Summary: Advent is the season in which the Christian meditates on Christ coming into our lives bringing salvation if we repent, and on the return of Christ as judge and ruler in righteousness.
Thy Kingdom Come AdventI (A_) Psalm 72__1-7
Sat, Dec 8, 2007 Sat of First Sunday in Advent
First Reading: Isa 2:1-5Epistle: Rom 13:[8-10]11-14
Invocation: In the name of the Father and of the + Son and of the Holy Spirit. Amen.
Let us pray: [Psalm 72:1-7]
1 Endow the king with your justice, O God, the royal son with your righteousness. 2 He will judge your people in righteousness, your afflicted ones with justice. 3 The mountains will bring prosperity to the people, the hills the fruit of righteousness. 4 He will defend the afflicted among the people and save the children of the needy; he will crush the oppressor. 5 He will endure as long as the sun, as long as the moon, through all generations. 6 He will be like rain falling on a mown field, like showers watering the earth. 7 In his days the righteous will flourish; prosperity will abound till the moon is no more. Glory be to the Father and to the + Son and to the Holy Spirit; as it was in the beginning, is now and will be forever. Amen.
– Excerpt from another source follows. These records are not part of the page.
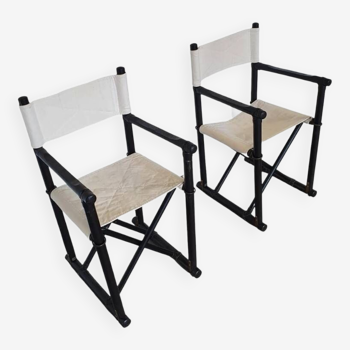 Extremely rare set of director's chairs by Pierantonio Bonacina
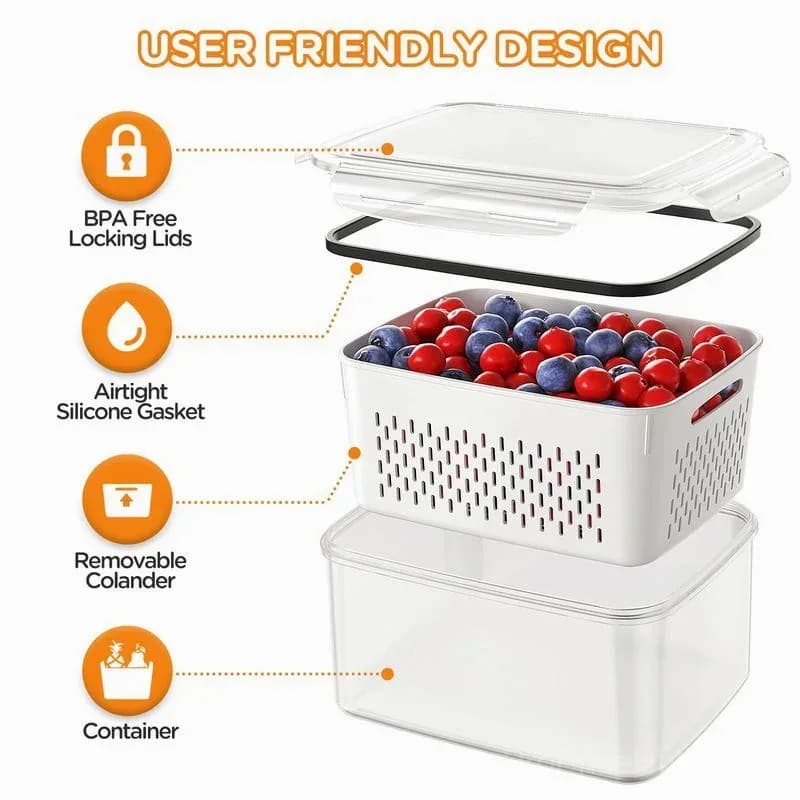 TroveHand Fruit & Vegetable Storage Box Set - View 3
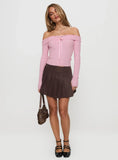 Nighttime Off Shoulder Knit Top Pink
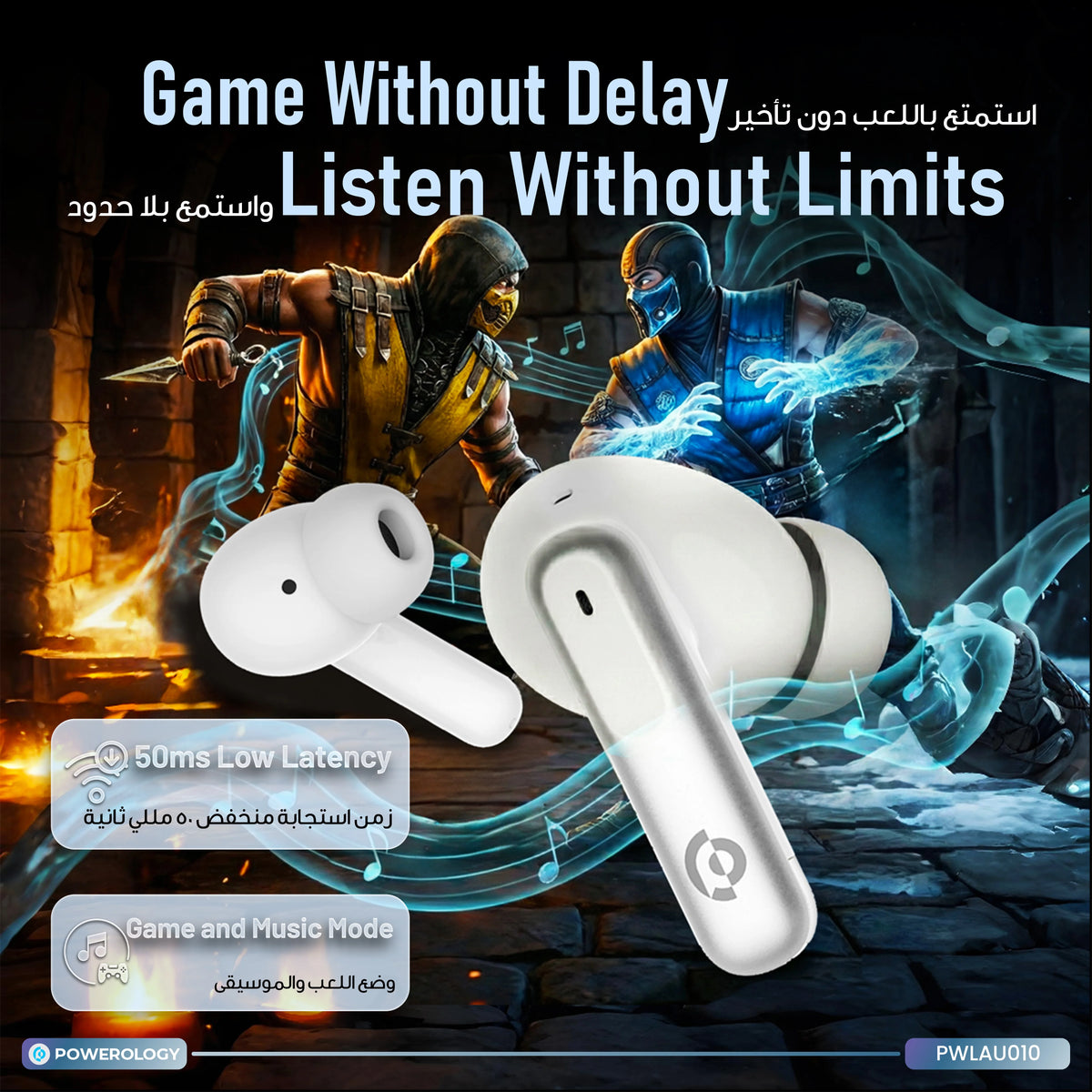 Powerology 6 Mic Hybrid ANC + ENCTrue Wireless Buds - White – image 21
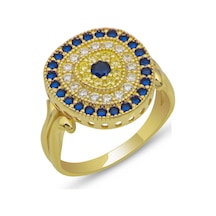 Stillove Gümüş Gold Oval Nazarlı Kadın Yüzük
This psalm is a prayer likely written for King Solomon at his coronation. As he was crowned king of all Israel some 3000 years ago, this prayer was most likely prayed for him. So why spend so much time praying this psalm tonight? Why should it be our responsive reading and the opening prayer of the sermon? Why take so much time to consider these words written as a prayer for a king who is long dead? Well, because this psalm is more than just a prayer for King Solomon. It’s a prayer for the Messiah; a prayer that sees in Solomon an earthly preview of the glory of our heavenly King.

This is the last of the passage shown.